Leo Frank is accused of the rape and murder of Mary Phagan, a 13-year-old employee of the pencil factory he manages. The farce of a trial by ladder-climbing attorney Hugh Dorsey (Andrew Samonsky) forces Lucille to act, even confronting then-Gov. John Slaton (Chris Shyer) to get a pardon on commutation of the sentence.

Leo avoids the noose at the hands of the government, but after his commutation, he was kidnapped from prison, taken to Mary Phagan’s hometown of Marietta, Georgia, and hanged. 

In 1986, he was posthumously pardoned due to the state’s failure to protect him and to provide an “opportunity for continued legal appeal of his conviction.” In 2019, the Fulton County district attorney reopened the case, and as we’re told as the show is ending, the case is still open.

The show first hit the stage in 1998, with the book by two-time Tony Award winner, Pulitzer Prize winner, and Academy Award winner Alfred Uhry, music and lyrics by three-time Tony Award winner Jason Robert Brown, and co-conceived by 21-time Tony Award-winning legend Harold Prince. In 2023, it won the Tony Award for Best Revival of a Musical and Best Direction of a Musical.

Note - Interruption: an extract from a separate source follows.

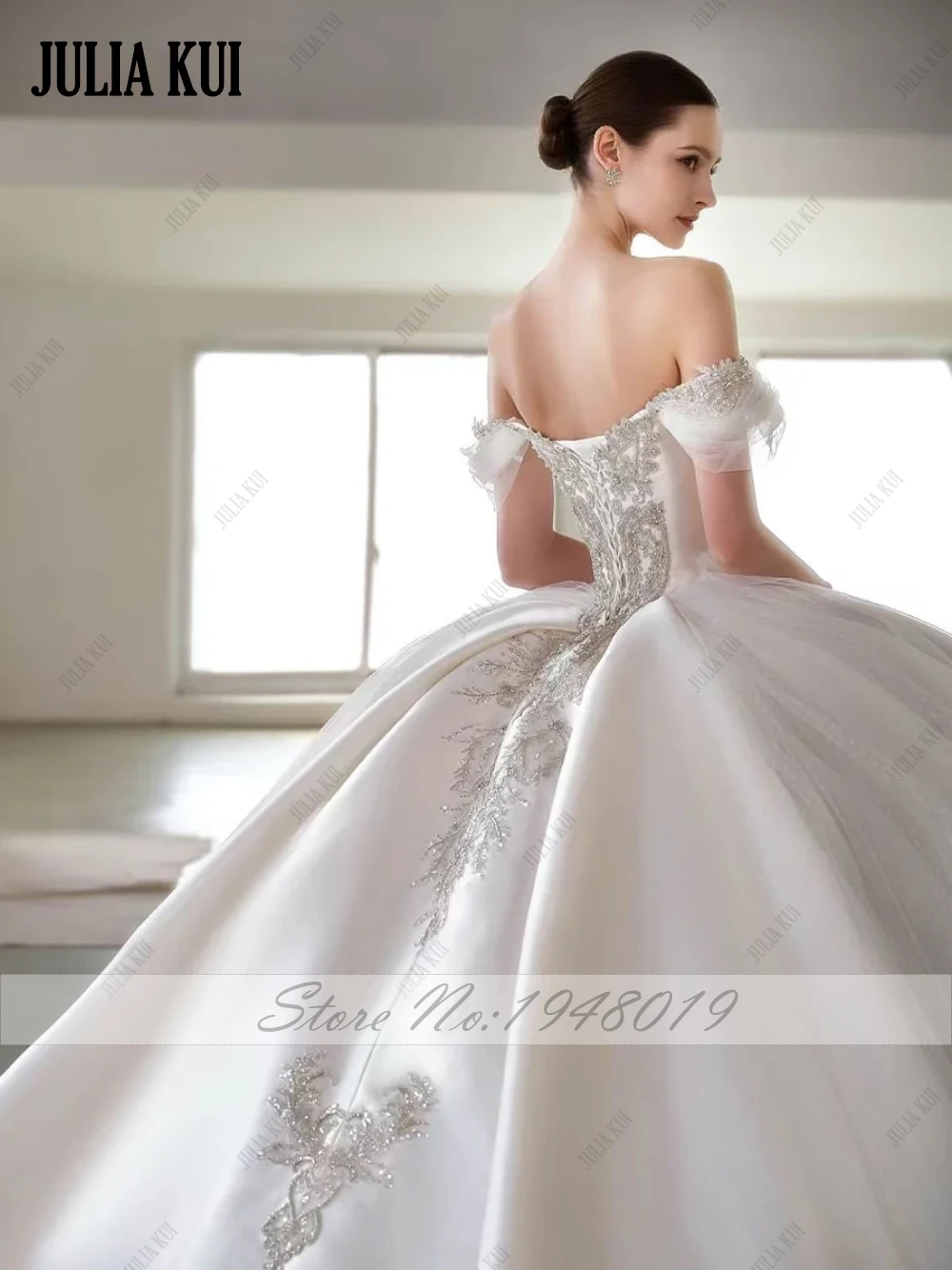 جوليا كوي مخصص خمر الساتان منتفخ الكرة ثوب فساتين الزفاف الديكور التطريز ذيل شابيل قبالة الكتف فساتين العروس #3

There are several striking pieces to the performance.

The introduction of characters to the stage as they spoke was accompanied by photos of them from the time of the case. In what I can guess is pretty typical to the racism at the time, the picture of the Frank’s maid, Minnie McKnight, was a drawing in a frame, and the photo of the governor’s butler and maid didn’t have their names, but “Georgia Man and Woman.” Before the show, there’s a picture on the screen of the Georgia Historical Society marker near the site of Frank’s lynching.

Another is Leo staying on stage at intermission. There is no curtain, so you see him walking the elevated platform on stage after he’s changed into his prison clothes. He gets handed a cup of water and he paces around, or sits in his “cell.”

And most important is the torrent of antisemitism the Franks have to face, as well as racism, and historical connections to white supremacy; the show’s website compiled a list of resources to help theater-goers understand some of what is tackled in the show. 

It’s definitely not a feel-good musical in the vein of many that come through the Twin Cities each year. But in a time of rising antisemitism and the pitting of groups against each other, there may not be a more important show that comes through town.